Po czterech miesiącach b.r. straty górnictwa węgla kamiennego wynoszą 800 mln 600 tys. zł.
– Górnictwo jest jednym z największych problemów dla tego oraz następnego rządu. Niestety w ostatnich latach w górnictwie niewiele się działo. Zaklinano rzeczywistość. Patrzyliśmy na bal na Titanicu. Wiadomo, że zawsze decyzje o likwidacji jakiejkolwiek kopalni są niezwykle trudne. Jednak nie można nie robić nic. Trzeba podejmować decyzje, które będą ratunkiem dla branży, chociaż to będą decyzje bardzo trudne. Tymczasem straty górnictwa to 800 mln 600 tys. zł. Taka strata netto górnictwa po czterech miesiącach jest stratą wyjątkowo dużą, wręcz olbrzymią – mówi portalowi BiznesAlert.pl dr Janusz Steinhoff, b. wiceminister i minister gospodarki, przewodniczący Rady Krajowej Izby Gospodarcze.
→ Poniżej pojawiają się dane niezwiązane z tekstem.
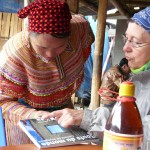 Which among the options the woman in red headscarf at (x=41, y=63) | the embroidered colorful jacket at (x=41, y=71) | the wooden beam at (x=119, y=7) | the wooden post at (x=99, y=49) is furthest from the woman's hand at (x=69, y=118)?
the wooden beam at (x=119, y=7)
– Ze strony rządowej mieliśmy zapewnienia, że nie będzie żadnej likwidacji kopalń, że jakość branża wybrnie. Nie jestem optymistą co do przyszłości górnictwa w Polsce, oceniając obecny program restrukturyzacji sektora węglowego. On jest nieadekwatny do obecnej sytuacji. Wiele razy podkreślałem, że utrzymywano latami złe kopalnie, przejadające środki, które powinny być inwestowane w kopalniach perspektywicznych – ocenia Steinhoff. – Mamy nadpodaż miałów na rynku. A pomysły typu powołanie Państwowych Składów Węgla niczego by nie przyniosły, one są wzięte z poprzedniej epoki. Faktem jest, że obecnie kalendarz polityczny nie sprzyja poważnej decyzji o górnictwie. Ale wcześniej zabrakło rządowi odwagi do poprowadzenia rzetelnego dialogu z partnerami społecznymi i podejmowania takiej decyzji, kiedy była pora.
– Wciąż mam jednak nadzieję, że w końcu branża ta doczeka się racjonalnych działań – zakończył dr Steinhoff.